Defense attorney Nicholas Kirkeles sought a prison term that would allow Hernandez to live as a free man when he is older. He noted Hernandez's rough childhood and his efforts to change.
Hernandez continued his education behind bars, receiving a culinary degree, and wrote and directed five plays. He's mostly avoided trouble these past 10 years in prison.
"Life without hope is not life," Kirkeles said. "It is a slow death. I would ask that you punish him, but I would ask that you don't execute him."
Hernandez also is serving a 30-year term for the attempted murder of a Chicago police officer, which occurred days after the Naperville attack before his arrest. The officer was trying to question Hernandez about a robbery and was not injured.
"He probably will kill someone if he gets out of prison," prosecutor Joseph Ruggiero told the judge in urging a 100-year prison term. "There's nothing anyone can do to protect innocent victims from him."
Police believe Hernandez, a cook who had been living in a local motel, targeted the Naperville couple because a sign in front of their house advertised a home-based clock and watch repair shop on the 200 block of North West Street.
The couple awoke about 2:45 a.m. Dec. 7, 1998, when a man claiming to be a police officer entered their home and warned them to stay upstairs because they were being burglarized. The husband, then 71, did not believe the intruder and ran for help. The man caught up with him in the kitchen and began beating him with metal-cutting shears.

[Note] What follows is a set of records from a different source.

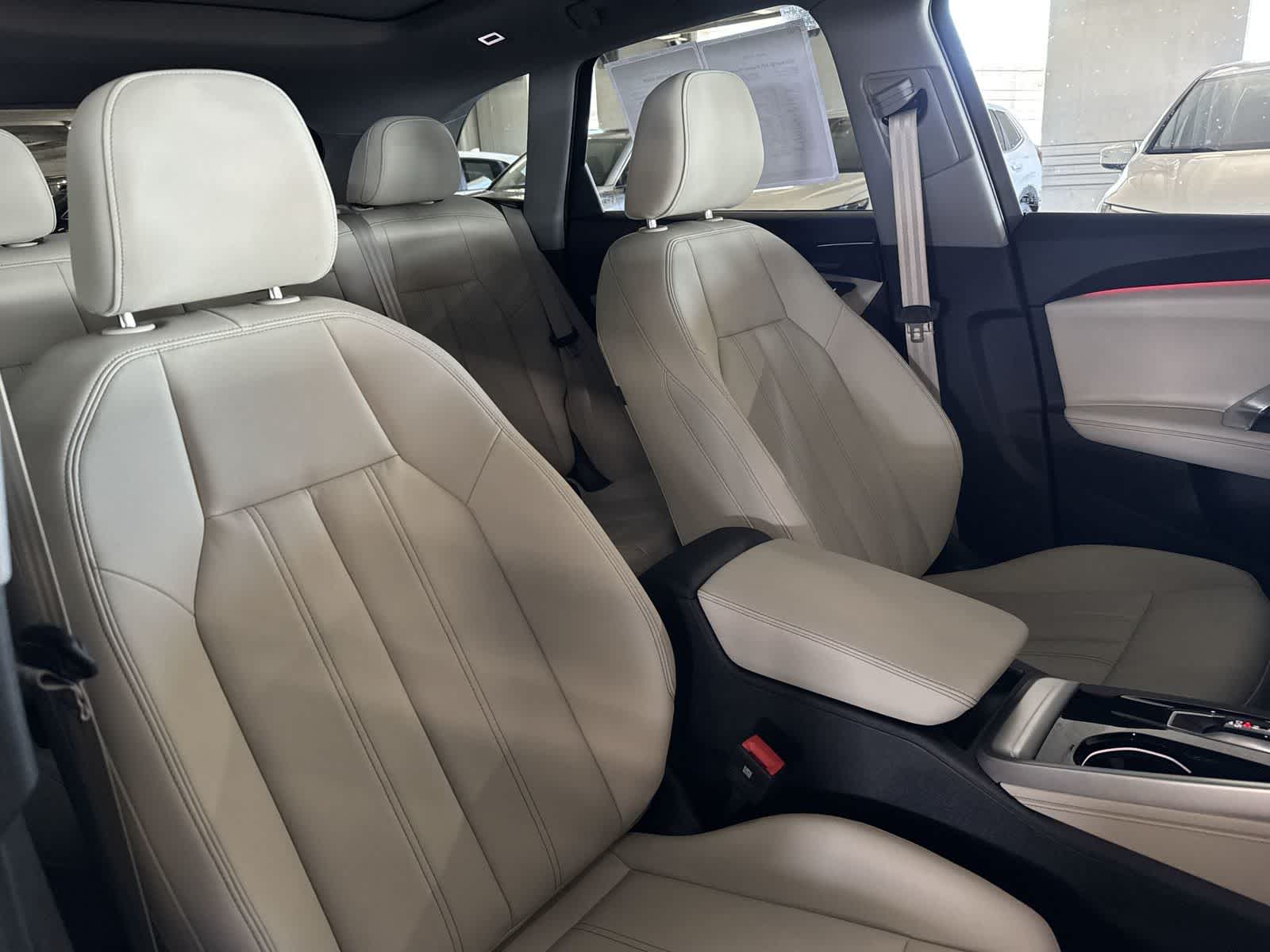2025 Audi New Q5 Premium Plus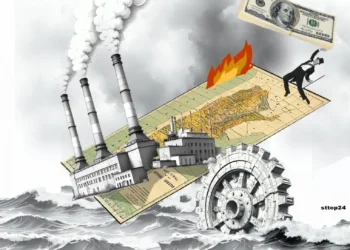 La industria enfrenta un dilema entre el deseo de recuperación y la dura realidad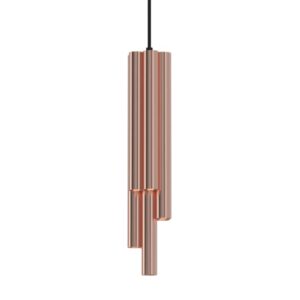 PSM LIGHTING - hanglamp 1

His wife, who interrupted the attack, screamed, "Stop! Don't kill my husband," and the intruder struck the woman, then 69, on the head.
He dragged them into their workshop and demanded they open a safe. The attacker hit both victims again before making off with $2,000, the husband's wedding ring and more than 20 watches.

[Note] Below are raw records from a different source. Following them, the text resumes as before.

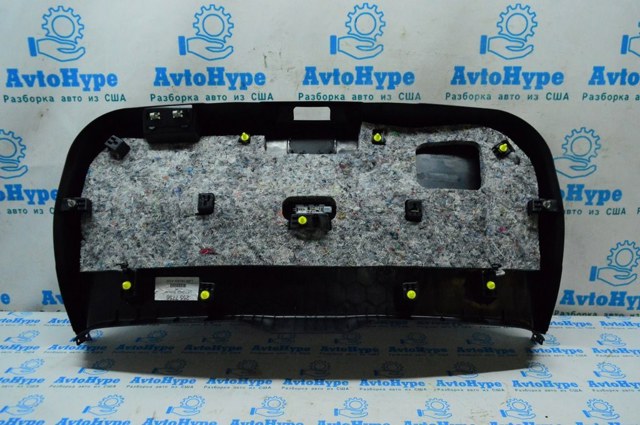 FORD LJ6Z7842906AA в наличии Ужгород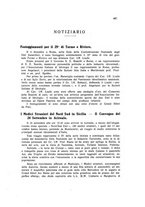 giornale/UFI0053379/1927/unico/00000511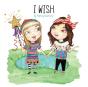I Wish - Preview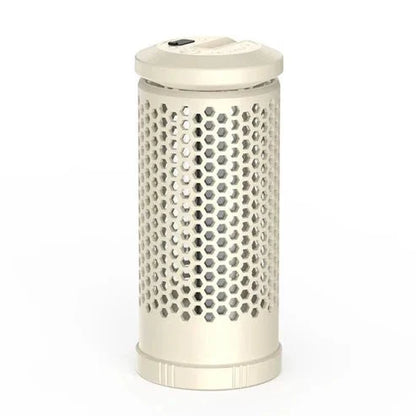 Telescopic Camping Light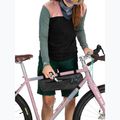 Велосипедна сумка Osprey Escapist Frame 2.5 л чорна 6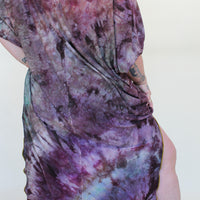 Priestess Kaftan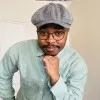 Lwando Madlingozi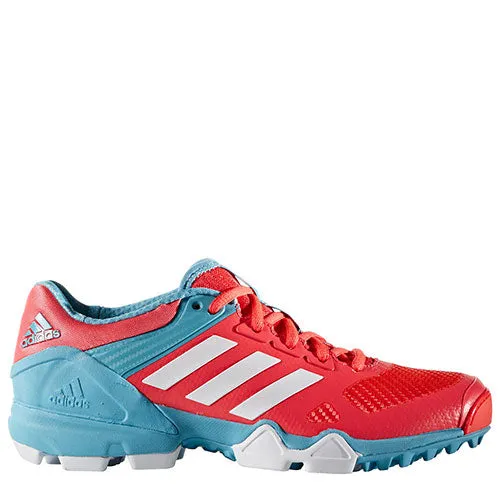 Adidas Adipower III Hockey Shoes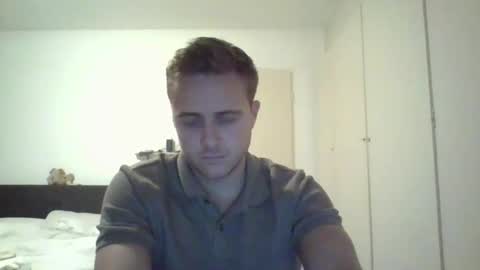 Jordiii online show from December 2024 02:48:02 PM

"We survived 18 minutes of terror," the wife said at the 2002 sentencing hearing. "We will forever be tormented because of what that guy did to us."
Police linked Hernandez to the home invasion after matching physical evidence from the crime scene and a photo identification of Hernandez by the victims.
Detectives found Hernandez's fingerprint on a window and both victims' blood on his black leather jacket. In addition, police found some of the stolen watches on Hernandez during his Dec. 26, 1998, arrest in Chicago.
Anderson called the crime a tragedy for both sides.
The victims will be tormented forever, he said, and Hernandez threw away his life. The judge said Hernandez is intelligent and articulate. He must serve 85 percent of the term, meaning he has 68 years left. He isn't eligible for parole until the age 103.
"I take no pleasure in imposing this sentence," Anderson said. "I find it's necessary to protect the public and deter others."